ITEM 5.  MARKET FOR REGISTRANT'S COMMON EQUITY, RELATED STOCKHOLDER MATTERS
         AND ISSUER PURCHASES OF EQUITY SECURITIES

In response to this Item, the information contained on page 56 of the Company’s Annual Report to Shareholders for the year ended December 31, 2008, is incorporated herein by reference.

17


ITEM 6.  SELECTED FINANCIAL DATA

In response to this Item, the information contained on page 7 of Management’s Discussion and Analysis for the year ended December 31, 2008, is incorporated herein by reference.

ITEM 7.  MANAGEMENT'S DISCUSSION AND ANALYSIS OF FINANCIAL CONDITION AND
         RESULTS OF OPERATIONS

In response to this Item, the information contained on pages 6 through 26 of the Company’s Annual Report to Shareholders for the year ended December 31, 2008, is incorporated herein by reference.

ITEM 7A.  QUANTITATIVE AND QUALITATIVE DISCLOSURES ABOUT MARKET RISK

Not applicable.

ITEM 8.   FINANCIAL STATEMENTS.

In response to this Item, the information contained on pages 28 through 32 of the Company’s Annual Report to Shareholders for the year ended December 31, 2008, is incorporated herein by reference.

ITEM 9.  CHANGES IN AND DISAGREEMENTS WITH ACCOUNTANTS ON ACCOUNTING AND FINANCIAL DISCLOSURE.

Not applicable.

ITEM 9A(T). CONTROLS AND PROCEDURES

The Company’s principal executive officer and principal financial officer have concluded, based upon their evaluation of the Company’s disclosure controls and procedures as of December 31, 2008, that the Company’s disclosure controls and procedures were effective. During the quarter ended December 31, 2008, no changes have occurred in the Company’s internal control over financial reporting that have materially affected or are reasonably likely to materially affect the Company’s internal control over financial reporting.

                                The First Bancshares, Inc.
               Management's Report on Internal Control Over Financial Reporting

Management of The First Bancshares, Inc. and subsidiary (the “Company”) is responsible for establishing and maintaining effective internal control over financial reporting.
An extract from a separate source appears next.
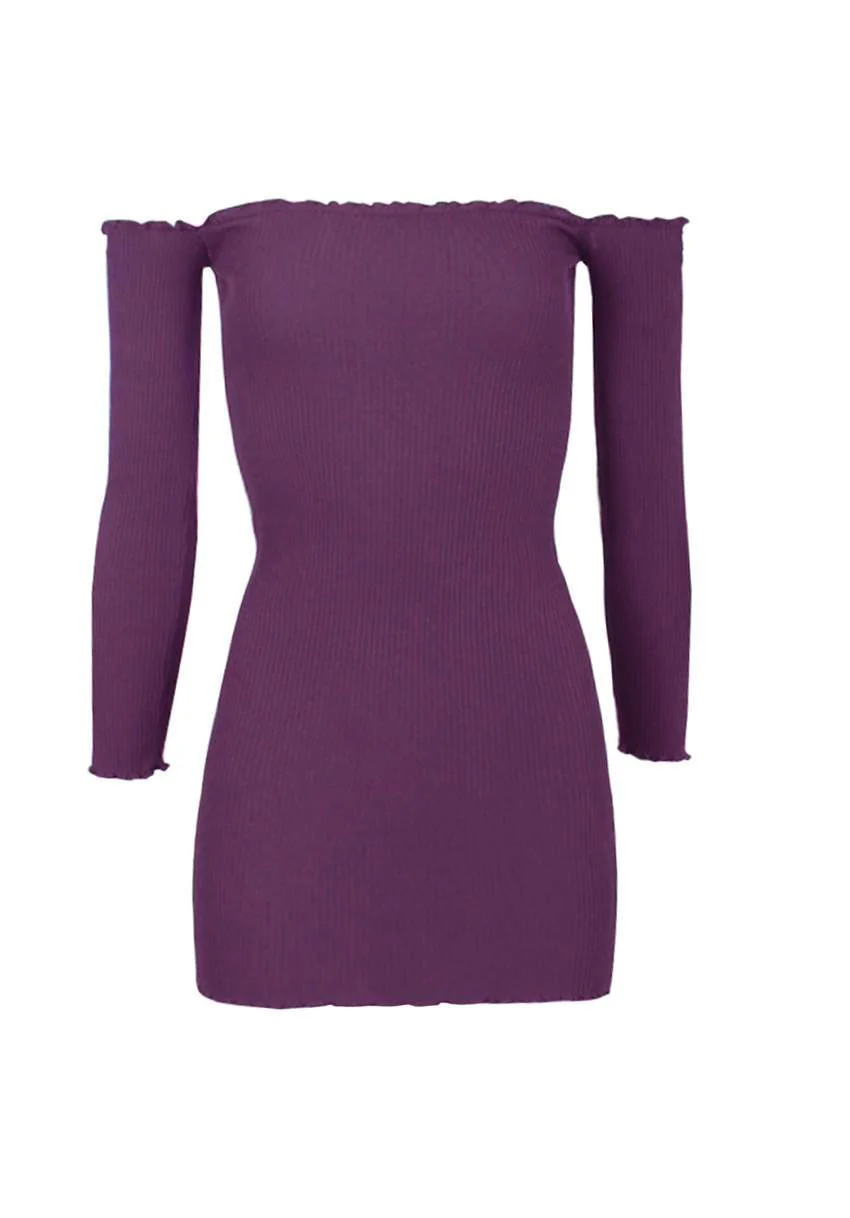 Plum Bardot Ruffle Detail Knit Dress - Image 4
Internal control over financial reporting is a process designed to provide reasonable assurance regarding the reliability of financial reporting and the preparation of financial statements for external purposes in accordance with U.S. generally accepted accounting principles.

Under the supervision and with the participation of management, including the principal executive officer and principal financial officer, the Company conducted an evaluation of the effectiveness of internal control over financial reporting based on the framework in Internal Control — Integrated Framework issued by the Committee of Sponsoring Organizations of the Treadway Commission. Based on this evaluation, management of the Company has concluded the Company maintained effective internal control over financial reporting, as such term is defined in Securities Exchange Act of 1934 Rules 12a-15(f), as of December 31, 2008.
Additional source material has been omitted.